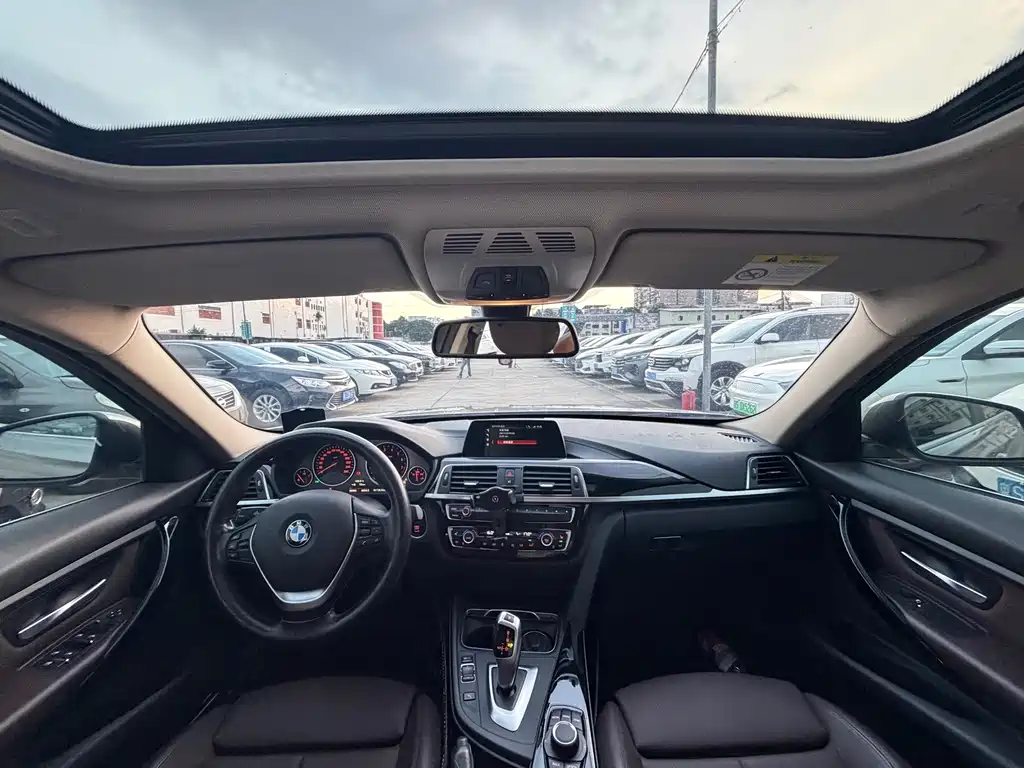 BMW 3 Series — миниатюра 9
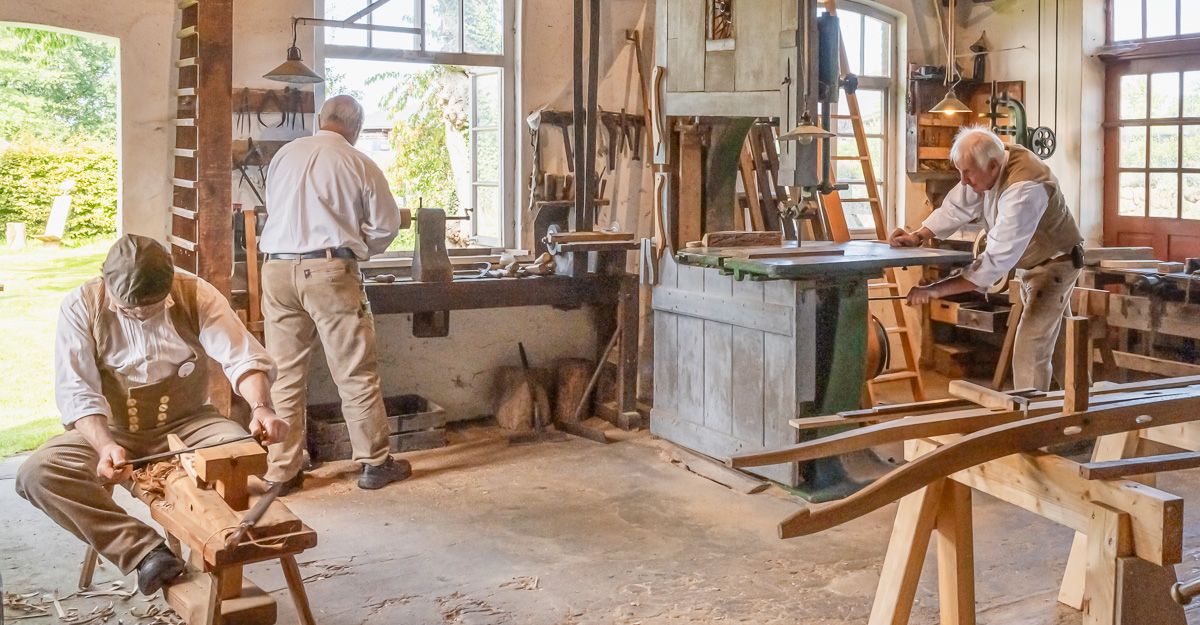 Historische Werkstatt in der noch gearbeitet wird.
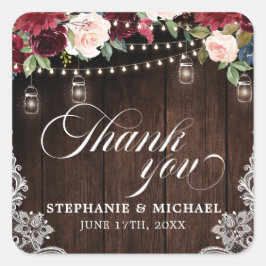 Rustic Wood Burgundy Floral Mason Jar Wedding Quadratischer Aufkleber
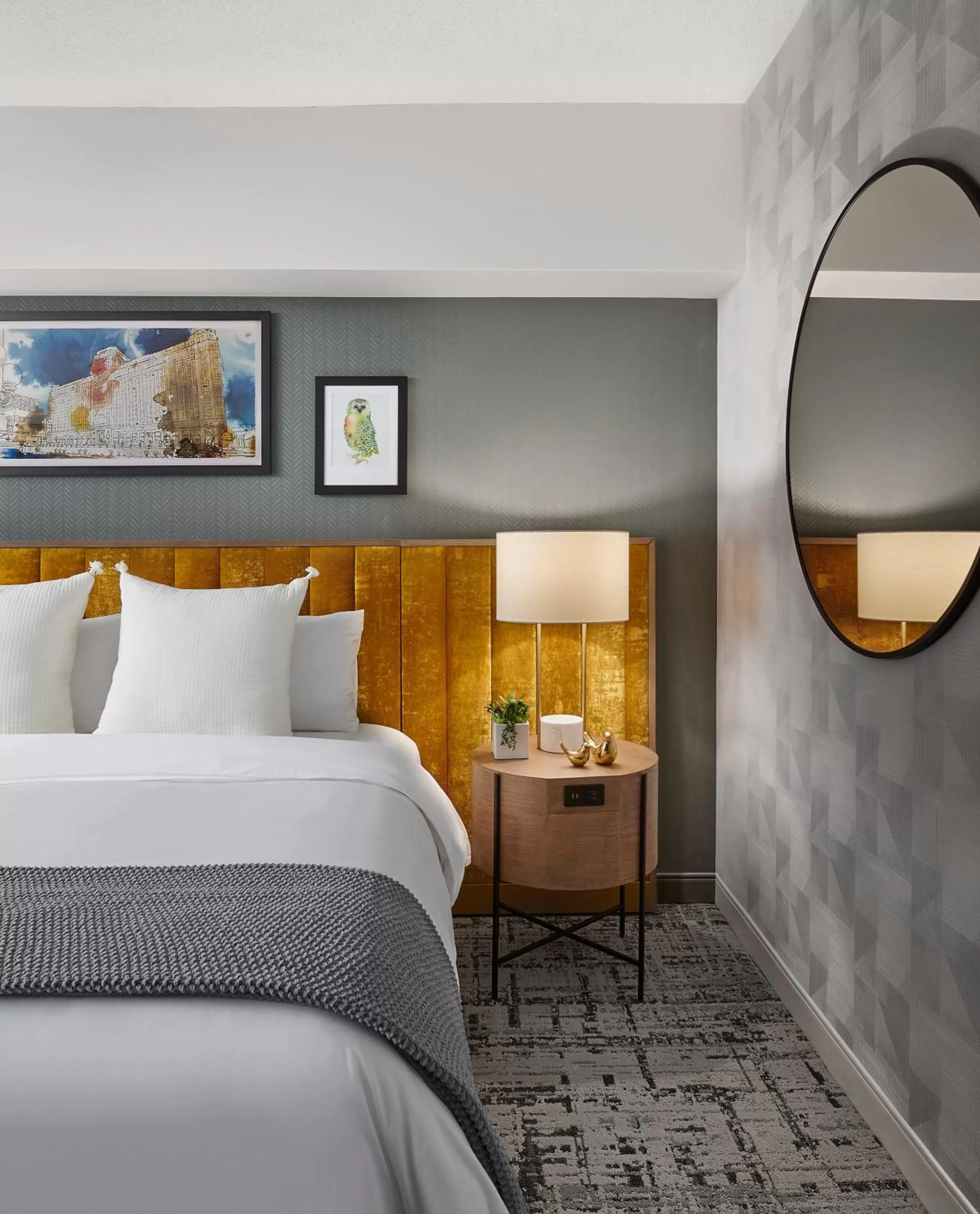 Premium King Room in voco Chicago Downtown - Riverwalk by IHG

TASK TO CARRY OUT> The data above must be given again in full and unaltered, minus its images.

FINISHED EXERCISE>
 BMW 3 Series — миниатюра 9
 Historische Werkstatt in der noch gearbeitet wird.
 Rustic Wood Burgundy Floral Mason Jar Wedding Quadratischer Aufkleber
 Premium King Room in voco Chicago Downtown - Riverwalk by IHG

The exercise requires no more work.